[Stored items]
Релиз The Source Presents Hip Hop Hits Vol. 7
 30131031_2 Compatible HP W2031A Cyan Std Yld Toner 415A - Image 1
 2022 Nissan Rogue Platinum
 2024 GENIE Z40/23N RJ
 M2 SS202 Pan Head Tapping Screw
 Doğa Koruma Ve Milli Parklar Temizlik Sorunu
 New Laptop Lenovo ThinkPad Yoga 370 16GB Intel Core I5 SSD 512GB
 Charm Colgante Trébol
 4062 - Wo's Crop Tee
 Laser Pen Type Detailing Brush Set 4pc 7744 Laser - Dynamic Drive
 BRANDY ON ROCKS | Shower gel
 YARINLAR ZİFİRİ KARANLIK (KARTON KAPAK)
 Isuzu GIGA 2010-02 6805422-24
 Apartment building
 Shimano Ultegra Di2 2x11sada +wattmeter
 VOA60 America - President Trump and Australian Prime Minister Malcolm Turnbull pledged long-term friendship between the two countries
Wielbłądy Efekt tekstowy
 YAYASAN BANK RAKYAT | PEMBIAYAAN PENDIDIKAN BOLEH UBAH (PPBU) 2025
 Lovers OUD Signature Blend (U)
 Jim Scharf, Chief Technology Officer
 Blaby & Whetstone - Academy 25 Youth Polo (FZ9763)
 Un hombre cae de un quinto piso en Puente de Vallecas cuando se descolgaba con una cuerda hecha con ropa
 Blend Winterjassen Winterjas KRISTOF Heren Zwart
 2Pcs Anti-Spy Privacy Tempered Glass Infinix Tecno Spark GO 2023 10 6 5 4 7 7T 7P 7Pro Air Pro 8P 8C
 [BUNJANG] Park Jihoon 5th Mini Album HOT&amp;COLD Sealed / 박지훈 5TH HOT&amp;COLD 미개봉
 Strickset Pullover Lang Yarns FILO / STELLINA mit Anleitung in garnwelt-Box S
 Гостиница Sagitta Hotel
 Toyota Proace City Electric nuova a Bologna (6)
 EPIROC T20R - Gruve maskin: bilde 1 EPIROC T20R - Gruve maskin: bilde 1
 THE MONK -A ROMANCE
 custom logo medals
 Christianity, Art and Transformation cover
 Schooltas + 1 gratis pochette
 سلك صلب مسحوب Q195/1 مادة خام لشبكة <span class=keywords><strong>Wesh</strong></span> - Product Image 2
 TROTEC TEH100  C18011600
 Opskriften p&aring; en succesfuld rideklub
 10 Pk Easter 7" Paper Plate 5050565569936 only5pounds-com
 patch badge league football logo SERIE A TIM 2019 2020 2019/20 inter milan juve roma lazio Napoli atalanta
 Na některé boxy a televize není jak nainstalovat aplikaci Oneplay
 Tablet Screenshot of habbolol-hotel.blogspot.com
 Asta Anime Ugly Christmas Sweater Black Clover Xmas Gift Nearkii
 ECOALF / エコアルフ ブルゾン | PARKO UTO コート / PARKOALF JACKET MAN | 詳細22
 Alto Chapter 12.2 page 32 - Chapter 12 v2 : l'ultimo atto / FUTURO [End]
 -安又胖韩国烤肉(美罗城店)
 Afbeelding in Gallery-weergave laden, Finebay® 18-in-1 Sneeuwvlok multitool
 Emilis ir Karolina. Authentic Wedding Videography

* _PROBLEM STATEMENT_: Exactly as they stand, set down the lines from the top of the data through the line with "Isuzu GIGA 2010-02 6805422-24".

* _SOLUTION FOR THIS TASK_:
Релиз The Source Presents Hip Hop Hits Vol. 7
 30131031_2 Compatible HP W2031A Cyan Std Yld Toner 415A - Image 1
 2022 Nissan Rogue Platinum
 2024 GENIE Z40/23N RJ
 M2 SS202 Pan Head Tapping Screw
 Doğa Koruma Ve Milli Parklar Temizlik Sorunu
 New Laptop Lenovo ThinkPad Yoga 370 16GB Intel Core I5 SSD 512GB
 Charm Colgante Trébol
 4062 - Wo's Crop Tee
 Laser Pen Type Detailing Brush Set 4pc 7744 Laser - Dynamic Drive
 BRANDY ON ROCKS | Shower gel
 YARINLAR ZİFİRİ KARANLIK (KARTON KAPAK)
 Isuzu GIGA 2010-02 6805422-24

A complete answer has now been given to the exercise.